法制執務コラム

努力義務規定

 先日、とあるホテルのロビーで「健康増進法第25 条に基づき、ロビーを全面禁煙とさせていただいております。」という表示が目に入りました。この健康増進法第25 条とは、多数の者が利用する施設を管理する者に対し、受動喫煙を防止するために必要な措置を講ずるように努めなければならないと定めている規定です。違反に対する罰則は規定されていません。このような「~に努めなければならない」などとされた規定は、努力義務規定と呼ばれることがあります。それでは、どのような場合に、努力義務規定が置かれるのでしょうか。

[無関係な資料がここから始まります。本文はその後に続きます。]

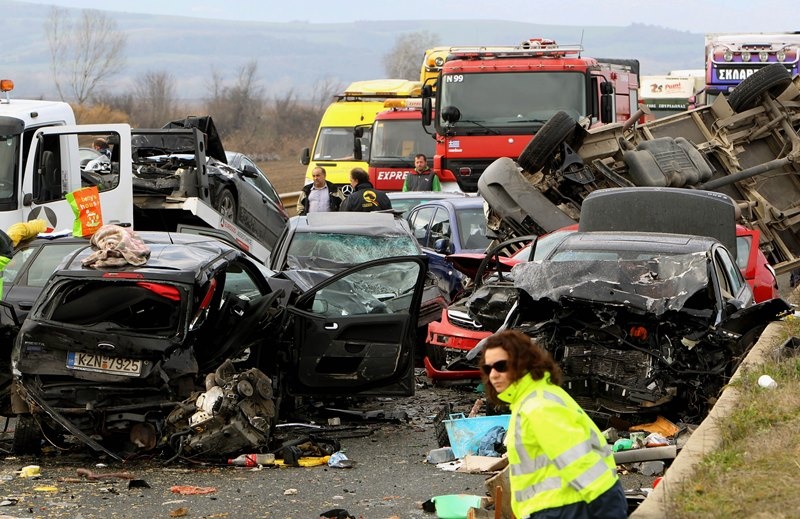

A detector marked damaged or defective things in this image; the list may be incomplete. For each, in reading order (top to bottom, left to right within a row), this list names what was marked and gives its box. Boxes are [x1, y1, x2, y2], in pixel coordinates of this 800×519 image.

shattered windshield [438, 71, 588, 127]
exposed car tire [728, 63, 792, 112]
exposed car tire [520, 110, 576, 174]
overturned truck [482, 63, 800, 276]
overturned vehicle [482, 62, 800, 278]
exposed car tire [214, 187, 236, 221]
shattered windshield [286, 234, 418, 270]
shattered windshield [512, 252, 708, 312]
damaged sedan [9, 228, 428, 460]
overturned vehicle [9, 228, 428, 460]
crushed black car [9, 228, 428, 460]
crumpled car door [284, 256, 428, 398]
exposed car tire [12, 414, 42, 456]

 まず、規定自体が理念的・抽象的であるなど強制になじまない場合があります。例えば、東日本大震災復興基本法には、「国民は(中略)被災者への支援その他の助け合いに努めるものとする」という規定がありますが、このような理念的・抽象的な規定に違反したからといって罰則等の制裁を科すのは適当ではないでしょう。

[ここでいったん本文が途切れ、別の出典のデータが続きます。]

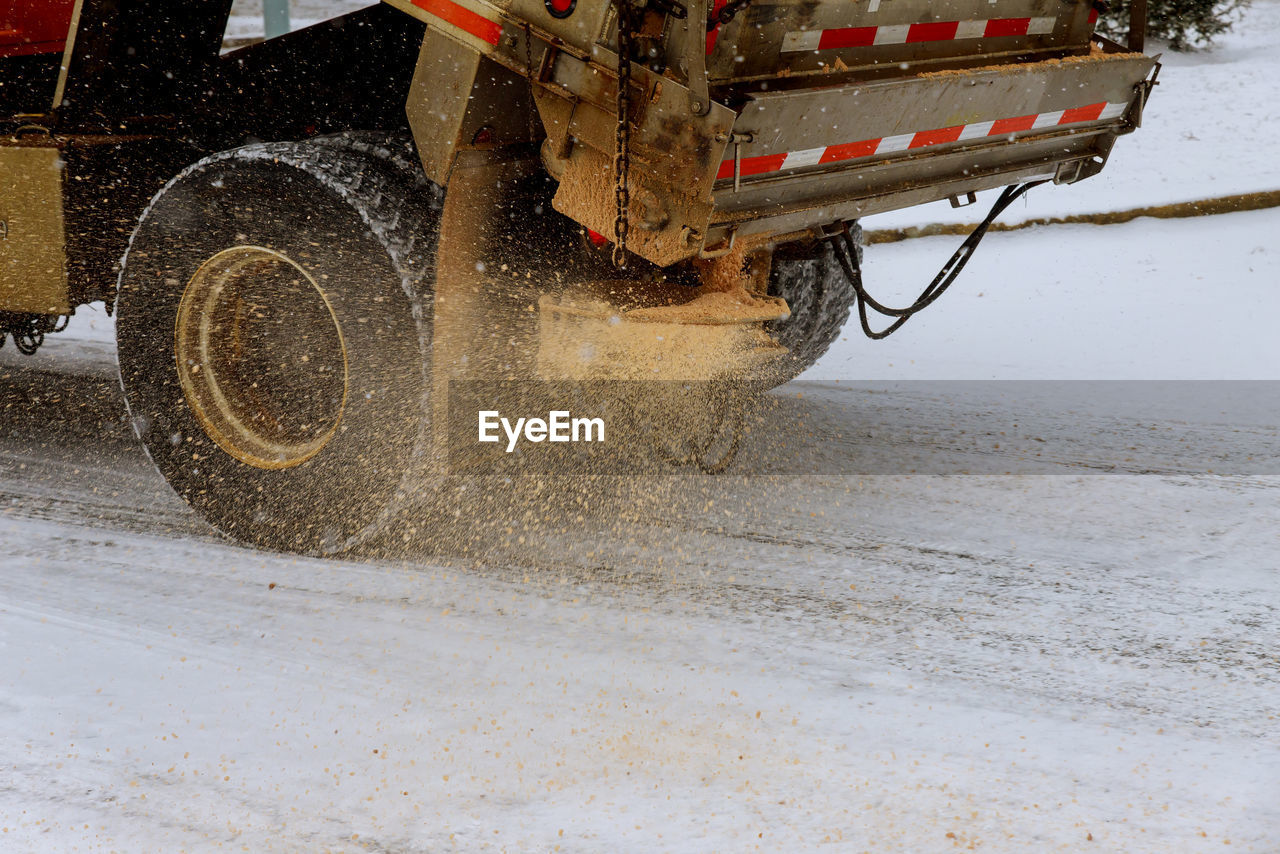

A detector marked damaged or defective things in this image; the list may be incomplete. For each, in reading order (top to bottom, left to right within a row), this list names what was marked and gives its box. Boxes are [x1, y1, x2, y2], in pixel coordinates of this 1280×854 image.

rusty metal panel [706, 0, 1095, 83]
rusty metal panel [0, 145, 68, 316]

 次に、強制するまでの合意が得られない、時期尚早であるというような場合があります。例えば、冒頭の健康増進法の規定について、厚生労働大臣は、「本当にたくさんの意見が出て、(中略)一律にこれをやっていくということがなかなか難しい(中略)。しかし、そういうことを言っておりましては進んでいきませんから、ここで努力義務ではございますけれどもまず取り上げさせていただきました」と答弁しています。

 当初は努力義務規定とされた場合であっても、後に義務規定に改正されることがあります。例えば、高年齢者等の雇用の安定等に関する法律では、かつては、定年を定める場合には「60 歳を下回らないように努めるものとする」という努力義務規定を置いていましたが、行政指導や補助金による誘導もあり、60 歳以上の定年が普及したことから、平成6年の改正により「60 歳を下回ることができない」という規定となりました。現在では、この規定に加えて、65 歳未満の定年を定めている事業主に定年の引上げや継続雇用制度の導入等の措置を講ずることを義務付けています。

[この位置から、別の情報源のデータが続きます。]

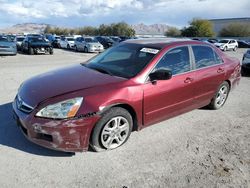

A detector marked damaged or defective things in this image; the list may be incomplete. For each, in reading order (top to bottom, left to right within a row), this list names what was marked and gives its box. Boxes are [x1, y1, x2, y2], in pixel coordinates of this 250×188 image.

damaged front bumper [11, 100, 99, 152]
cracked headlight [36, 97, 83, 119]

 これとは反対に、義務規定であったものが努力義務規定に緩和された例もあります。予防接種法は、かつて「予防接種を受けなければならない」とする義務規定を設けていましたが、健康被害の発生などを受け、平成6年の改正により努力義務規定となりました。

 冒頭の健康増進法の規定が設けられて以降、禁煙や分煙が普及してきており、漸進的な手法として努力義務規定が有効であったのは間違いないでしょう。その一方で、強制力がない以上、限界があるのもまた事実です。努力義務規定を置く際には、このような効果と限界の両面を踏まえて、考えていく必要があると思います。